L’appropriation culturelle fait déprimer Jaha Koo au Festival d’Automne

25 septembre 2020 | PAR Amelie Blaustein Niddam

Le Théâtre de la Bastille retrouve le plus occidental des performeurs coréens pour le dernier volet de sa trilogie : The history of korean western theatre. Jusqu’au 1er octobre, avec le Festival d’Automne.

La fin d’une trilogie

La dernière fois, en 2019, en pleine grève générale il nous parlait de l’état économique de la Corée. Nous rencontrions alors Cuckoo, son cuiseur de riz adoré qui est bien plus qu’un outil de cuisine. Cuckoo parle, s’exprime et dessine même des cœurs sur son écran, car oui, Cuckoo a un écran. Et Cuckoo est de retour ici ! Et c’est donc tout contents que nous retrouvons cet adorable robot.

Pour être plus clair, il faut expliquer un peu plus et un peu mieux qui est Jaha Koo. Le metteur en scène et comédien est né en Corée mais vit aujourd’hui en Europe. Depuis 2014, le compositeur de musique et performeur s’est attaqué à une trilogie de conférences-spectacles (pour résumer). Lolling and Rolling interrogeait le colonialisme. Cuckoo était la dénonciation d’ « une société sous pression ».

Trouble sur les origines

La belle question que pose The history of Korean western theatre est simplement : qu’est -ce que le théâtre coréen ? En 2008, Jaha Koo étudie le théâtre et participe aux 100 ans du théâtre coréen. Cela parait absurde, le théâtre est millénaire, pas centenaire ! Il réalise non seulement que tous les spectacles sont moulés à l’occidentale et que, pire encore, la Corée ne garde que les déchets de l’occident.

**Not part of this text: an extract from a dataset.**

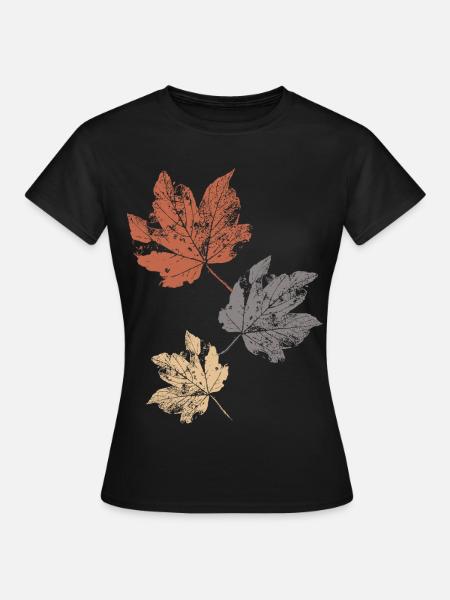 Bunte Herbstblätter Herbstlaub - Frauen T-Shirt - Schwarz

Dans ce faux seul en scène où Jaha Koo est tout de même le seul humain, le cadre de scène joue beaucoup. Cuckoo est accompagné d’un robot crapaud origami et tout se joue devant une immense toile vidéo.

Alors il avance dans sa non-conférence qui devient un témoignage très mélancolique et très personnel. L’acteur nous parle de sa grand mère qui perd la tête et de son bébé qui a déjà un passé. On entre dans sa vie.

L’histoire de la Corée le traverse totalement et il reste pantois devant un métissage des cultures qui est passé en force. Il racontait dans le premier volet comment une opération de la langue très en vogue permettait aux coréens d’avoir un bon accent anglais. Par exemple…

Et finalement, et c’est là que la performance opère, quand tout parle de lui, quand il convoque quelques esprits. Jaha Koo déborde le genre à la fois du théâtre documentaire et de la conférence-spectacle, il est plutôt une version homme orchestre du spectacle vivant.

Il écrit, compose, raconte, et au bout du compte, il ne fait ni du théâtre Corréen, ni du théâtre occidental, mais crée une signature.